The 'Repurpose Your Career' author on how to treat these people with TLC

By Marc Miller

(The following is adapted from Repurpose Your Career by Marc Miller.)

After years of helping people pivot their careers, I can say this with complete confidence: Your social and professional networks are the most important piece of any career change. But exchanging business cards and a LinkedIn connection is just scratching the networking surface. Many of these superficial connections will have no impact on your job search. The people who make a difference are your Tribe.

Don’t try to do something as challenging as a career pivot without a tribe.

What a Tribe Is for Networking

A tribe is the difference between the quantity and quality of your network. It’s fine to have 500+ LinkedIn connections. But it’s crucial to have a group of people with whom you have an actual relationship, who are interested in helping you reach your goals and depending on you to help them reach theirs. I have a rather large network, but my tribe consists of about 150 people.

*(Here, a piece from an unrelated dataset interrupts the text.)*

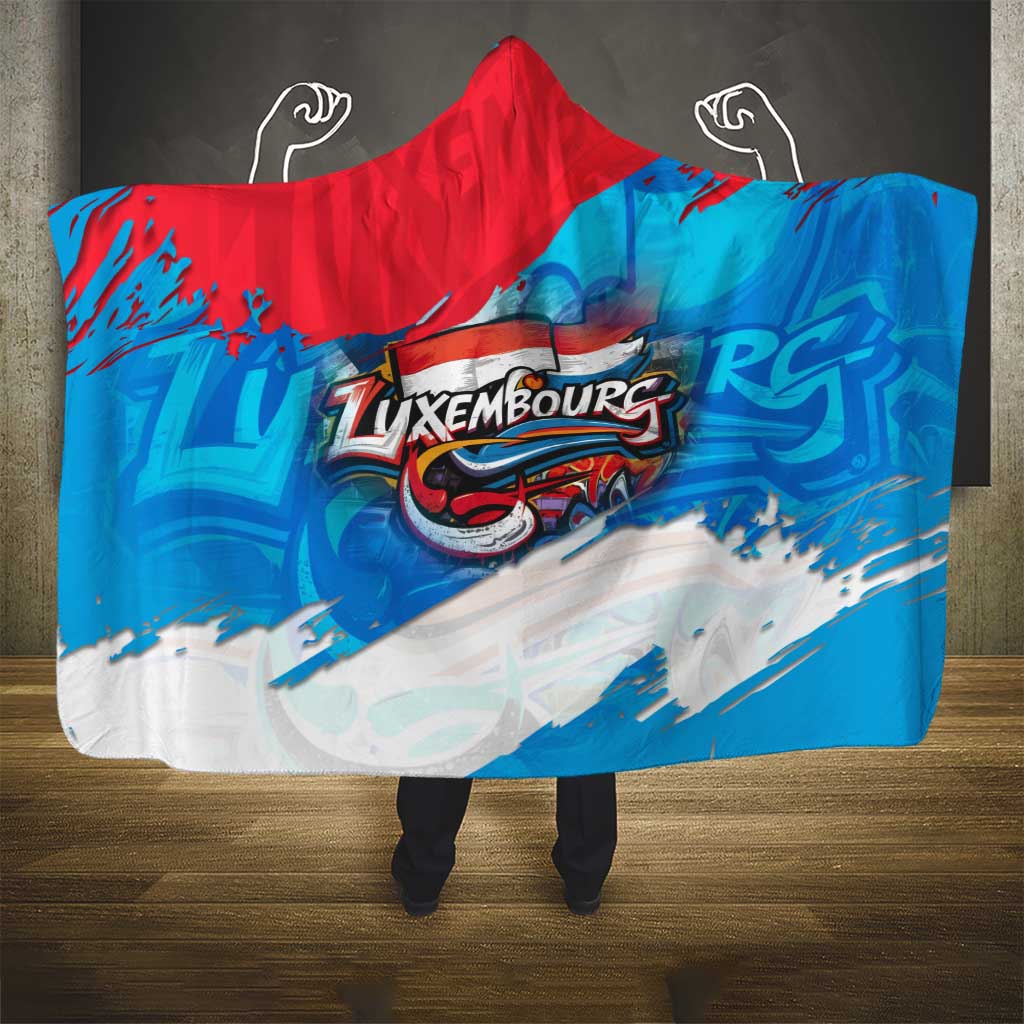 Luxembourg Flag Hooded Blanket with Colorful Graffiti Street Art Design - Wonder Print Shop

Your tribe is the group of people who will get you through your career pivot. Your tribe is also the group you can call on for an introduction or some advice over coffee. And they can call on you, too — whether for themselves or for a friend who wants some intelligence about your areas of expertise. It’s like the barn raising communities where you all help your neighbor build his barn, knowing — without asking — he’ll show up with lunch and a hammer to help you raise yours.

The thing about a tribe is, you have to cultivate it — like a garden. You need to weed it from time-to-time of people you have no real connection with. You have to water it when there’s no rain. You may need to apply fertilizer. Most importantly, you should not neglect it. You need to cultivate a habit of giving it Tender Loving Care. It needs to be part of the way you think and live, or it will wither.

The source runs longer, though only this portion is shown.